AVAILABLE DATA

*** Block opens ***

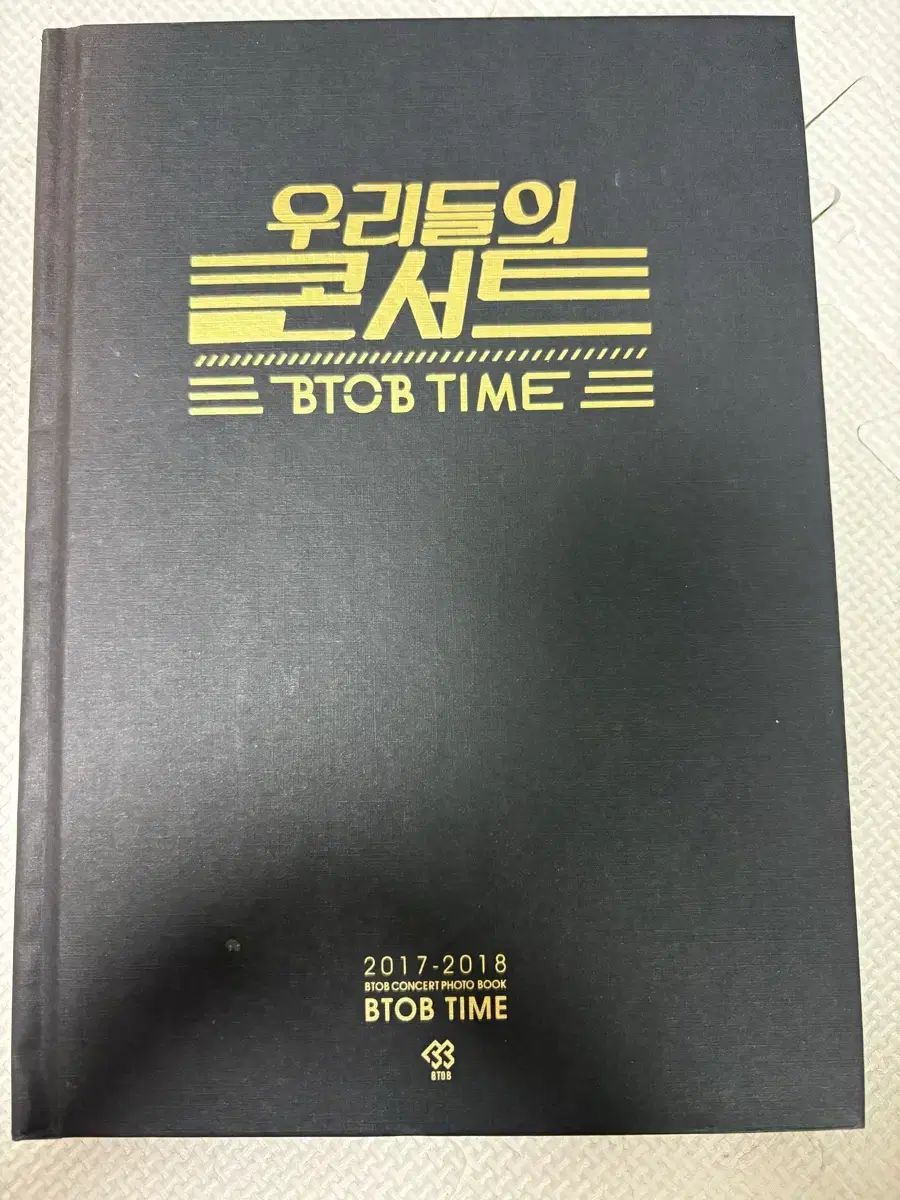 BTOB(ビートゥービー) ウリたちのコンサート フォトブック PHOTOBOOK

*** Block closes ***
*** Block opens ***

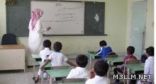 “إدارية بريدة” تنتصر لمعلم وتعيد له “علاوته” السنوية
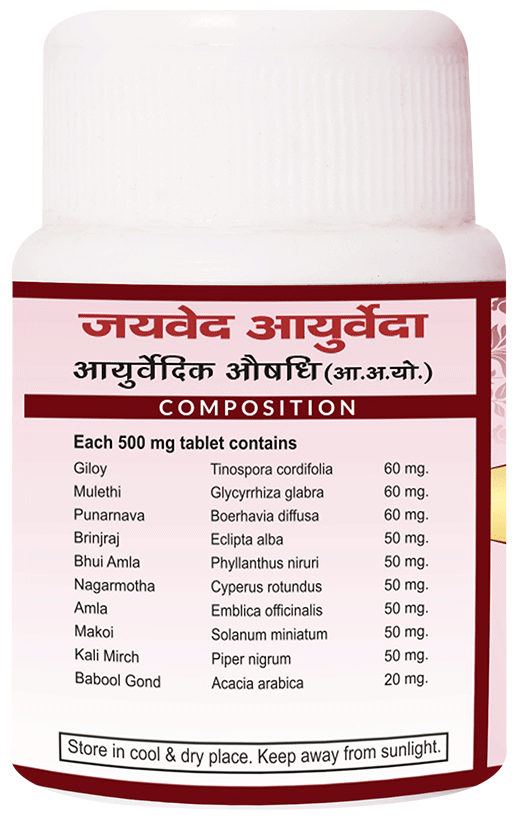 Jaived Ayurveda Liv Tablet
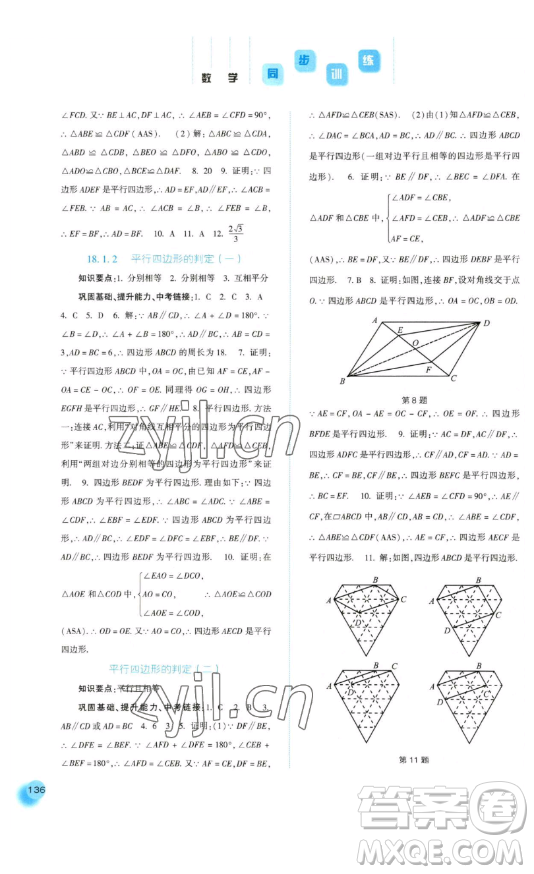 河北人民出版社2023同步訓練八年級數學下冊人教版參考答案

*** Block closes ***
*** Block opens ***

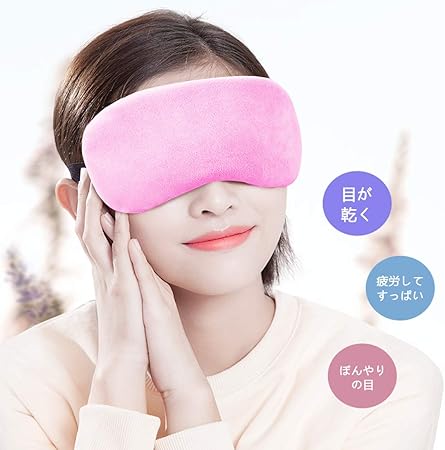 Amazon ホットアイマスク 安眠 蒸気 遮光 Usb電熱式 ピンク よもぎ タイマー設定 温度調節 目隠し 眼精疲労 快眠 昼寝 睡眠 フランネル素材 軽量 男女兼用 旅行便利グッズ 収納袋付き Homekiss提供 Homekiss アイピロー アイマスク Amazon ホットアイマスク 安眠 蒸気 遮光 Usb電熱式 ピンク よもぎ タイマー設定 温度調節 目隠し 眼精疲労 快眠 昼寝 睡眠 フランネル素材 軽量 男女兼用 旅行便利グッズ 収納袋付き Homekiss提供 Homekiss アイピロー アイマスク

*** Block closes ***

TASK DIRECTIONS
With the pictures omitted, print the lines above exactly, beginning at the line with "Jaived Ayurveda Liv Tablet" and going on through the line with "河北人民出版社2023同步訓練八年級數學下冊人教版參考答案".

OUTPUT FOR THIS TASK
 Jaived Ayurveda Liv Tablet
 河北人民出版社2023同步訓練八年級數學下冊人教版參考答案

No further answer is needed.